If you had read what I actually wrote, you would have realized that I never claimed that using only cannons would have solved the logistical problems.
Cornelius,
I never suggested you did write that, because I know you wrote this...
The problems would have been minor and easier to cope with.
... which still proves you've no idea the size and scope of the problem at hand.
What is more difficult: supplying 20 or more legions spread over the whole empire or few artillery trains from time to time?
Both are equally difficult because the legions won't being using muskets exclusively. Firearms will be part of a "mixed arms" force, just as they were for centuries in Europe between the introduction of gunpowder and the invention of the bayonet.
Muskets consume far less powder, of course, and during a battle usually you could shoot between 10/15 rounds, true. But in your calculations you're forgetting training (legionnaires have to learn the proper handling of the weapon, haven't they?)

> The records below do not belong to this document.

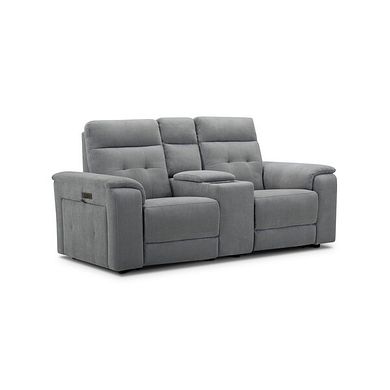 Juno 2 Seater Electric Recliner Sofa With Wireless Charging Console and Power Headrests in Amigo Granite Fabric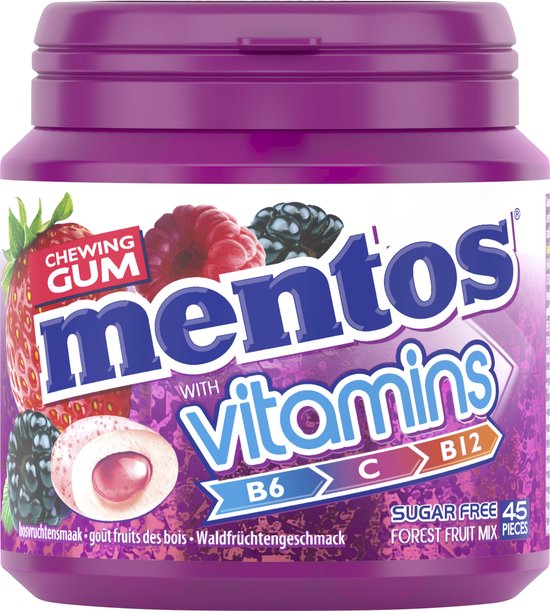 Foto: Mentos gum vitamins forest fruit suikervrij 8x45stuks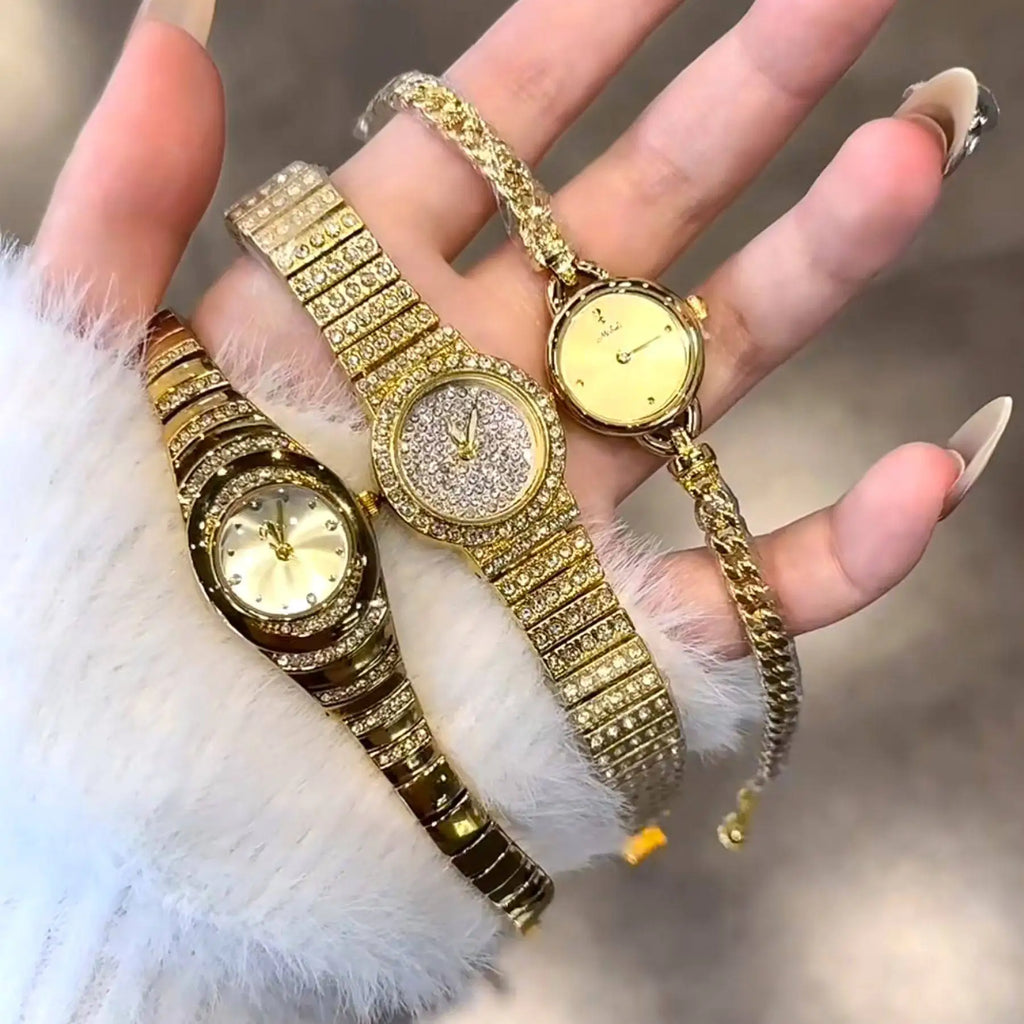 New Luxury And Stylish Women'S Watch, Gold-Tone Ladies' Wristwatch, Quartz Watch, Trendy Women'S Watch, Unique Timepiece.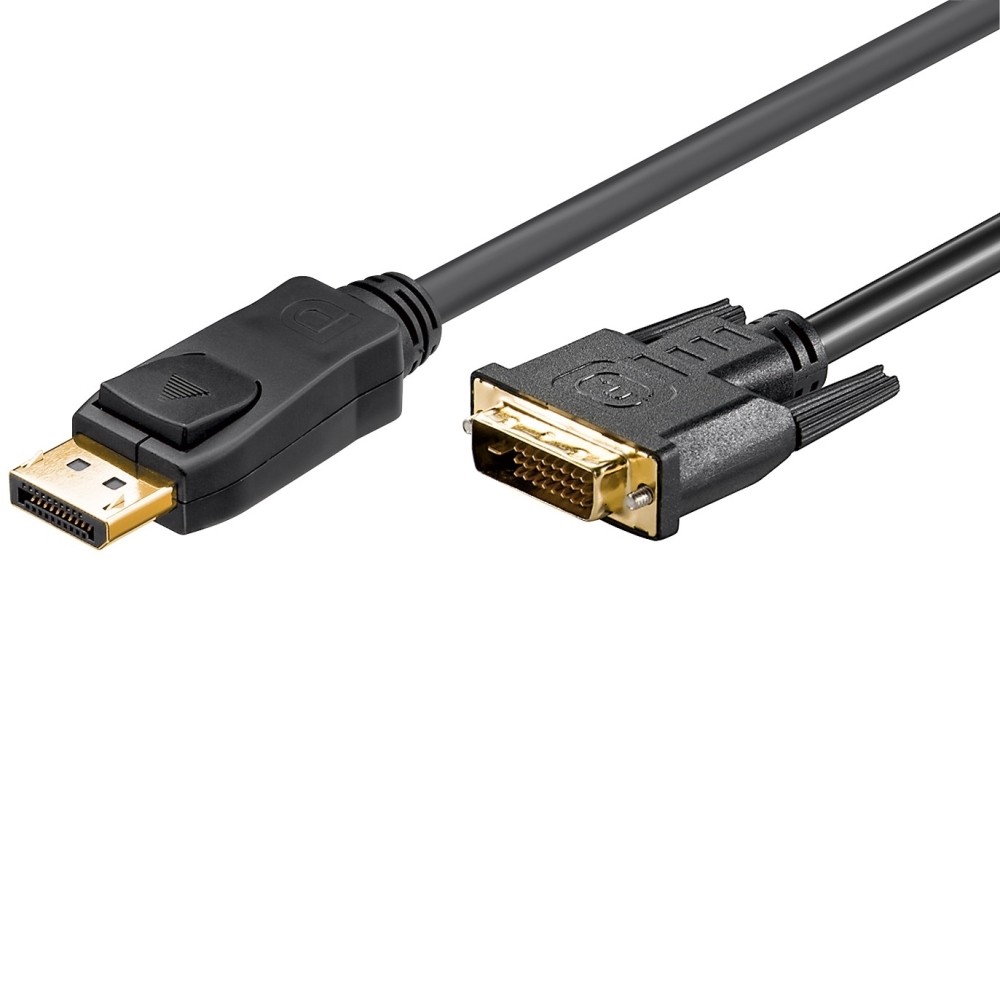 Goobay 2m DisplayPort/DVI-D-Adapterkabel [vergoldete Kontakte, Displayport mit Verriegelung] von Goobay
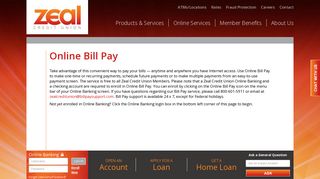 Online Bill Pay - Zeal Credit Union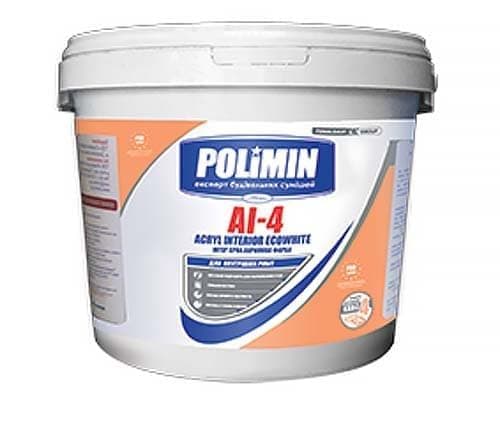 Картинка "краска интерьерная polimin ai-4 acryl interior ecowhite 14 кг 10 л" купить в Киеве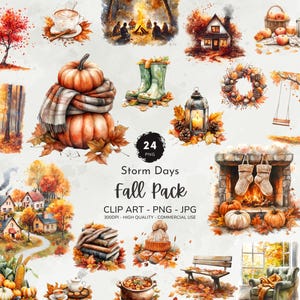 Watercolor Autumn Clipart Bundle, Storm Days Fall Clipart Png, Cozy Fall Clipart, Autumn Landscape Clipart, Fall Graphics, Digital Download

Score a laugh point. Do you have any idea of how infrequently musketeers "trained" by firing their pieces? Or how infrequently infantry trained by firing their pieces up through the Napoleonic era? Here's a hint, you can count the number of monthly training rounds on one hand.
... and once issued to legions, muskets are going to be used far oftier than any cannon.
No, they won't. You're making the mistaken assumption that the Romans will immediately have bayonets
again. Initially Roman firearms will see limited use just as was seen in OTL Europe.
Skirmishes were frequent on all the borders and so greater engagements, while sieges were really infrequent in comparison.
And those skirmishes will be fought almost exclusively with hand weapons just they were in the OTL up until the mid 1800s.
I agree completely with the idea that the guns development could be slower than OTL...
And yet your statements regarding the use of Roman firearms in both skirmishes and battle assumes the presence of
bayonets.
Early 1700s if I remember well...
1600s actually because your memory is faulty.
... but gunpowder has been seriously in use in Europe from 1400s on, isn't it?
Seriously in use, but not in the quantities you automatically assume it was. Battles were still primarily decided by
shock and not
fire well into the 18th Century and the number of rounds used by personal weapons and cannon on the battlefield or in skirmishes was quite limited.
And, despite that, Europe still had to import saltpeter.
Again you are understimating the roman organisation.
Underestimating the people who built those roads, aqueducts, fortifications, harbors, and other structures that still exist nearly 2000 years later? Please.
The troops stationed on the borders were routinely supplyied.
Supplied, yes. But not in the amounts or goods you're blithely assuming.
If the use of guns is not widespread the logistic problem could be coped with.
Not widespread? And you have them in every fortress and the legions routinely skirmishing with them? Make up your mind.
IIRC, Charles VIII army, when he invaded Italy in 1494, had a little more than one hundred pieces of various caliber. And that was the biggest artillery park in Europe.
You recalled the number of cannon correctly. However you failed to realize that France invading Italy is just the equivalent of one Roman province invading another. Forget about Europe and her tiny nations and look at the size of the Empire.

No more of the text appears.